In opzione una trasmissione “veloce”
prestazioni che potevano rispettivamente passare a tre chilometri/ora e mezzo e a 22 chilometri/ora optando per la trasmissione opzionale denominata “Veloce”. In ogni caso il cambio era comandato da una sola leva e di serie erano previsti il blocco del differenziale posteriore e i due pedali freno separati e collegati alla leva a mano. I riduttori erano in cascata e potevano essere ruotati verso l’alto per abbassare il veicolo così da adattarlo ai vigneti e ai frutteti previa modifica dell’assale anteriore. Quest’ultimo era comandato da un volante sufficiente demoltiplicato e quindi leggero che abbinato a un raggio di sterzo di soli tre metri rendeva il trattore agile e facile da manovrare.

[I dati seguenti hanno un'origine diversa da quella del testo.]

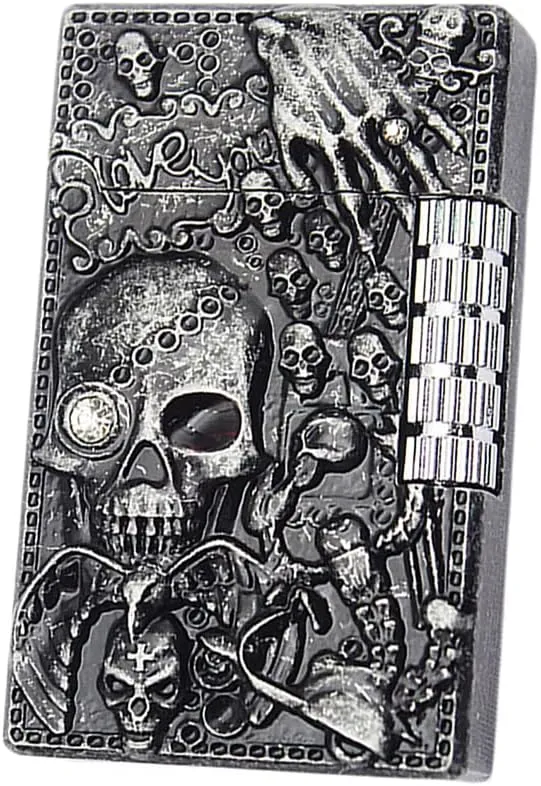 Carving Skull Antique Lighter, Vintage Cool Metal Lighters Refillable, Novelty Lighters for Men Candles Gift Ideas (No Butane Fuel). (Bright)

La presa di forza indipendente dalla trasmissione operava a 540 giri al minuto ed era offerta di serie anche la sincronizzata cambio per i rimorchi autotraenti. Standard anche la presa di forza anteriore fissata alla puleggia con velocità da 500 a mille e 300 giri in funzione del regime motore e la barra di traino posteriore regolabile in altezza, mentre era a richiesta il sollevatore alza/abbassa. Essenziale ma comodo il posto guida, con il sedile ammortizzato regolabile e due piccole pedane per l’appoggio dei piedi.
La strumentazione si limitava al manometro della pressione dell’olio e al termometro della temperatura dell’acqua racchiusi in un unico elemento mentre risultava curato, almeno per l’epoca, l’impianto di illuminazione da lavoro, costituito da proiettori anteriori di buona potenza e da un faro posteriore per illuminare gli attrezzi.
Gli eredi di “Landinetta”
Nonostante le indubbie qualità e le innovazioni proposte, in primis il motore sovralimentato, “Landinetta” godette di un successo di vendita discreto ma non eclatante. Vennero infatti prodotti solo mille e 400 trattori circa ma ebbero il merito di dare vita al primo cingolato Landini, in sigla “C 25”.
Era dotato dello stesso motore ma con cilindrata portata a mille e 350 centimetri cubi grazie all’aumento dell’alesaggio da 110 a 115 millimetri che diede luogo a una potenza a 25 cavalli. Nel 1958 “Landinetta” fu poi sostituita dal modello “R 25”, equipaggiato con lo stesso motore da 25 cavalli del cingolato e con una trasmissione a dodici marce realizzate mediante l’installazione di un riduttore supplementare. Nel 1958 fu presentato anche “Dt 25”, primo trattore a doppia trazione della Casa che assieme agli altri modelli avviò un periodo di profondo rinnovamento dell’offerta Landini, ormai vicina al completo abbandono dei testacalda.
Tale iter si realizzò poi con la decisione di equipaggiare i nuovi trattori con motori Perkins, mezi che esordirono nel 1959 con “R 50”, un ruotato da 50 cavalli che fu seguito da lì a poco dal cingolato” C 35”. Il binomio Landini-Perkins ridiede smalto al marchio di Fabbrico, avviando un nuovo capitolo della sua storia che continua ancora ai giorni nostri.